EXTRACTED RECORDS:
______

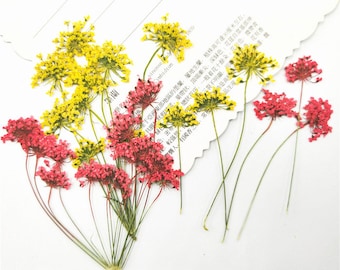 Assorted Pressed Flowers: Colorful Lace Flowers, Valentine Gift (6 PCS)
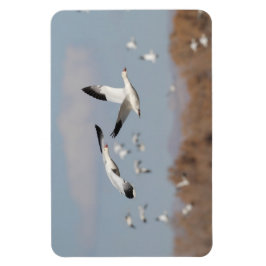 ボスクの空に咲く マグネット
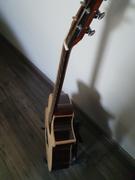 Avian Guitars Songbird 5A Review
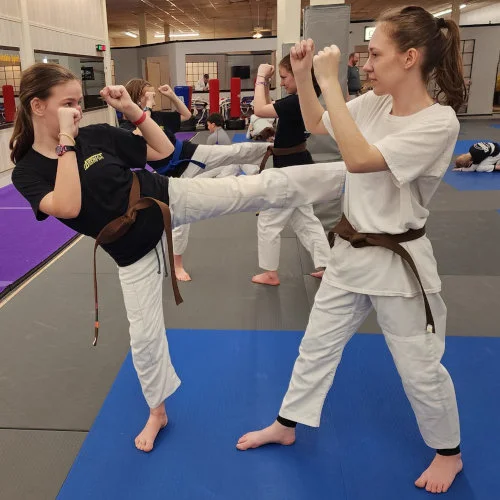 Good People Great Jiu Jitsu (Carrillo's Martial Arts Academy / Carrillo's Martial Arts) academy photo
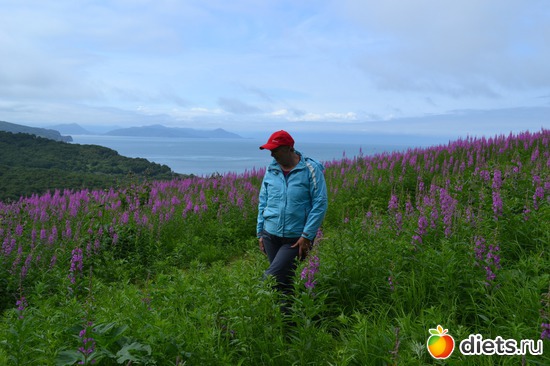 8 ����: ��������� ��������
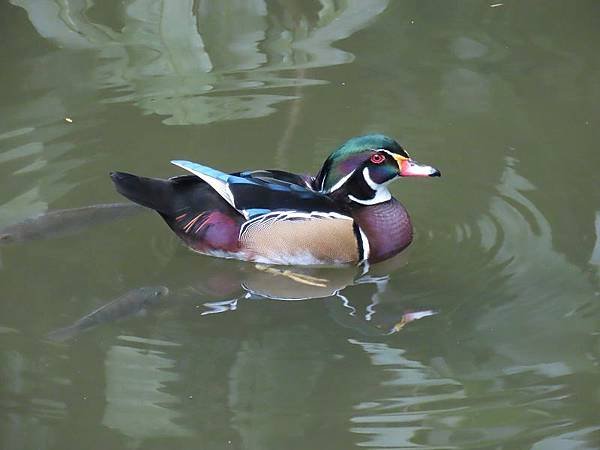 20231022_台北市_木柵動物園_鳥園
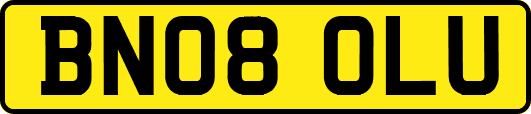 BN08OLU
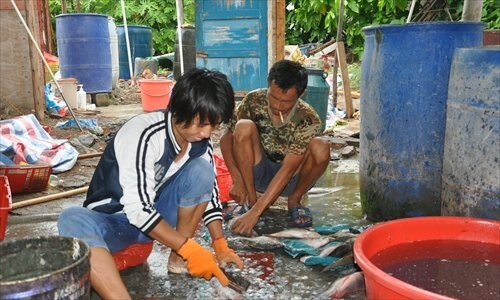 TQ chiêu dụ người dân sinh sống trái phép ở Hoàng Sa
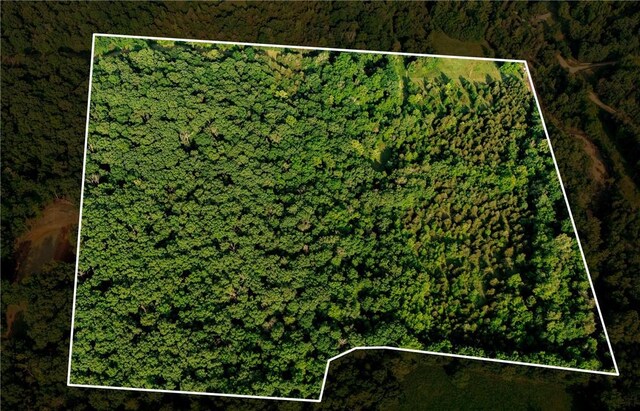 37AC Madison 3370, Witter, AR 72776 - photo 16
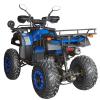 Квадроцикл SP250-4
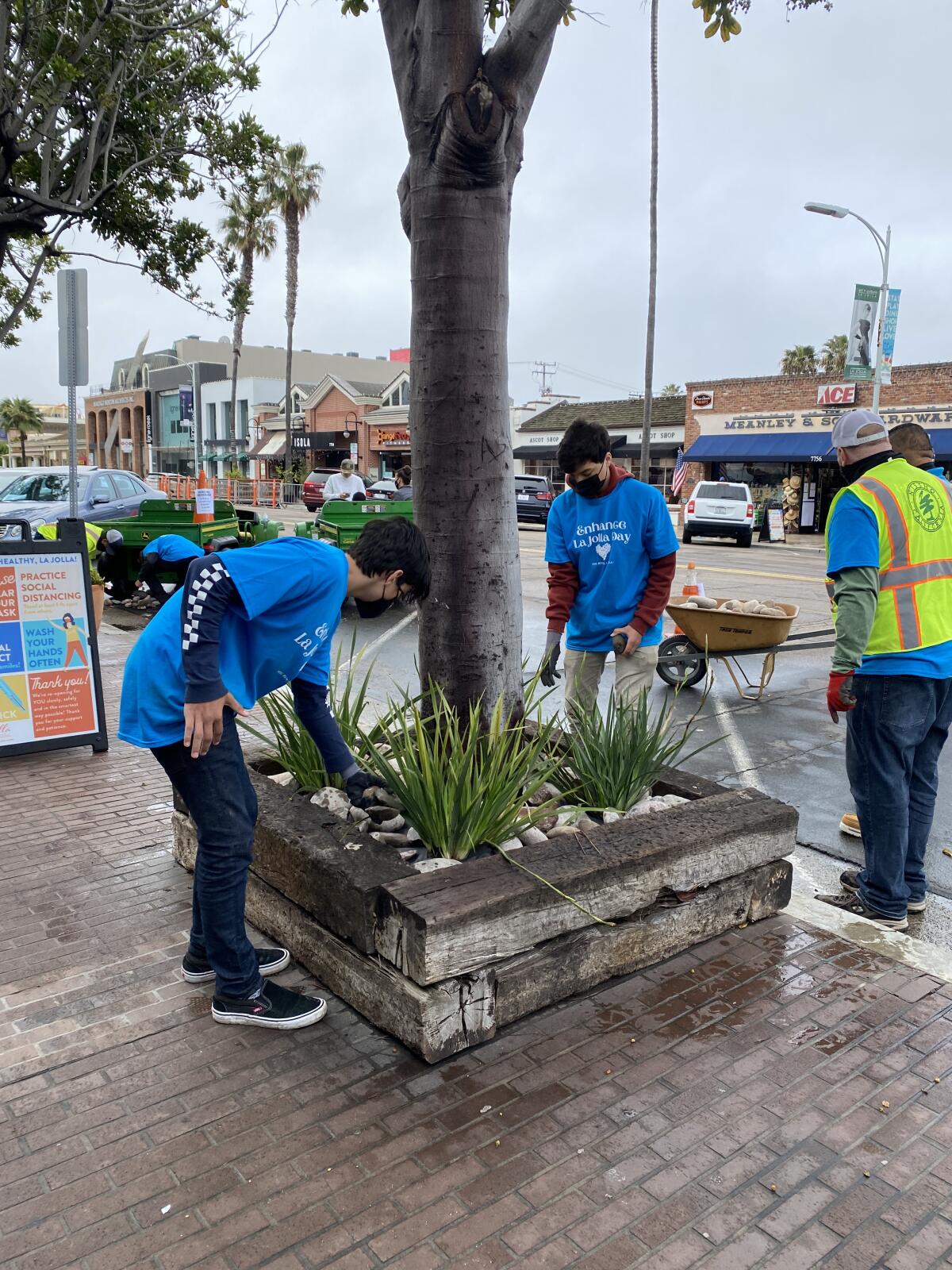 Volunteers place rocks and new plants in a tree well in The Village during Enhance La Jolla Day on March 20. 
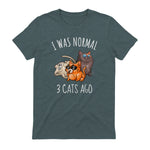 I Was Normal Three Cats Ago T-Shirt in Dark Heather - back view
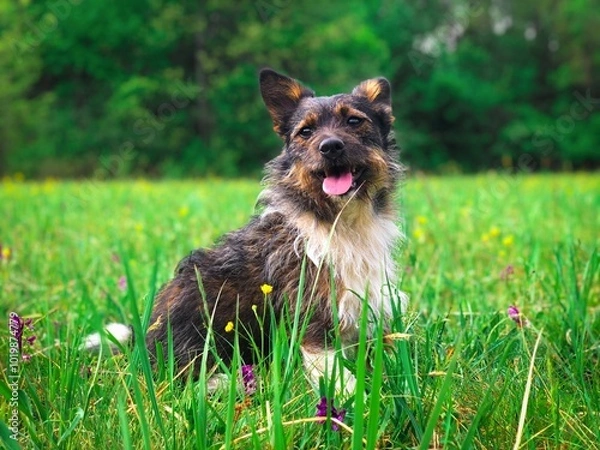 Obraz dog on the grass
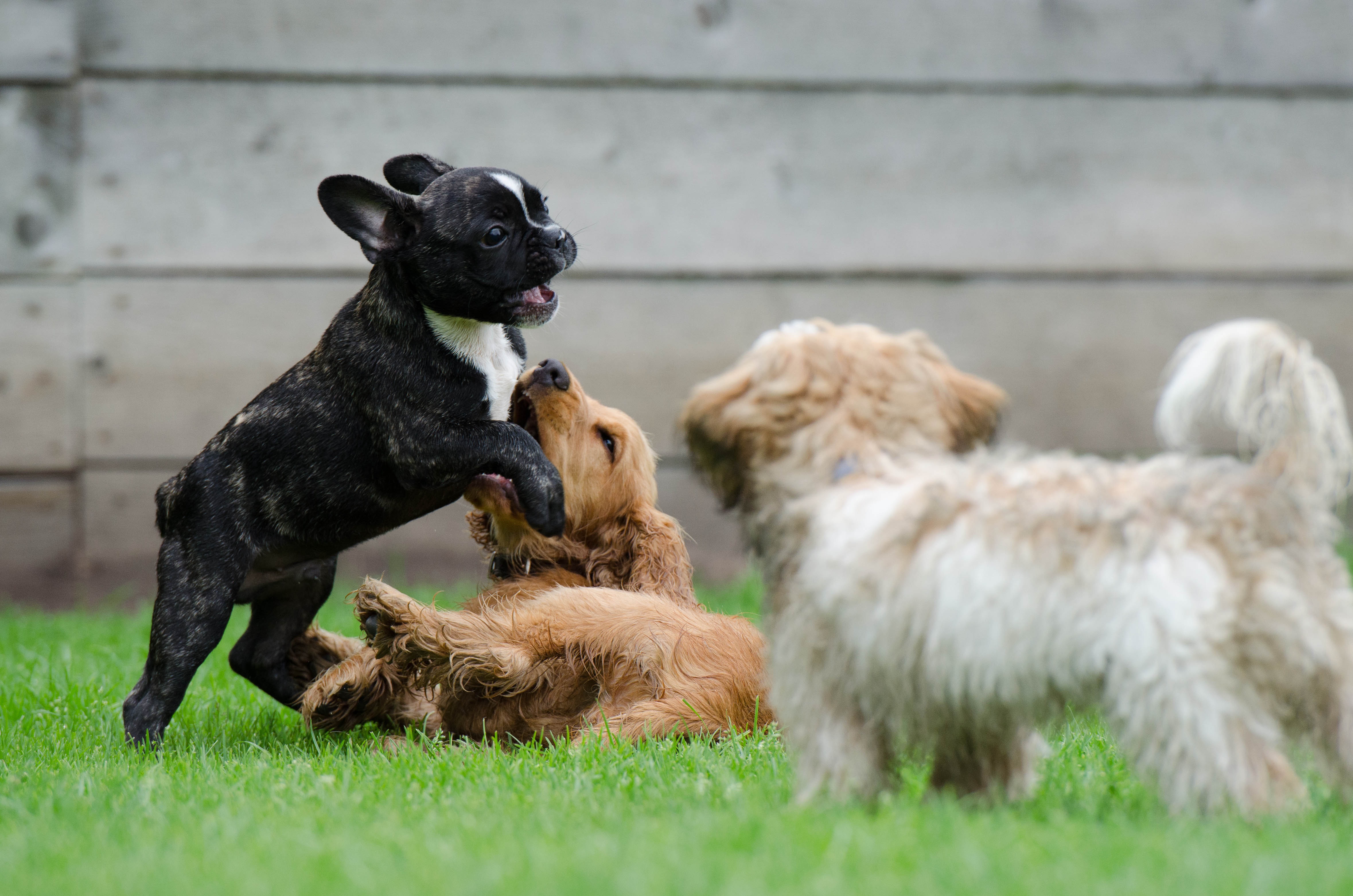 Free photo Little puppies playing on the green lawn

______

YOUR GOAL: Leave the pictures out. Extract exactly the lines running from the one with "I Was Normal" through the last entry, both ends included.

TASK SOLUTION:
 I Was Normal Three Cats Ago T-Shirt in Dark Heather - back view
 Obraz dog on the grass
 Free photo Little puppies playing on the green lawn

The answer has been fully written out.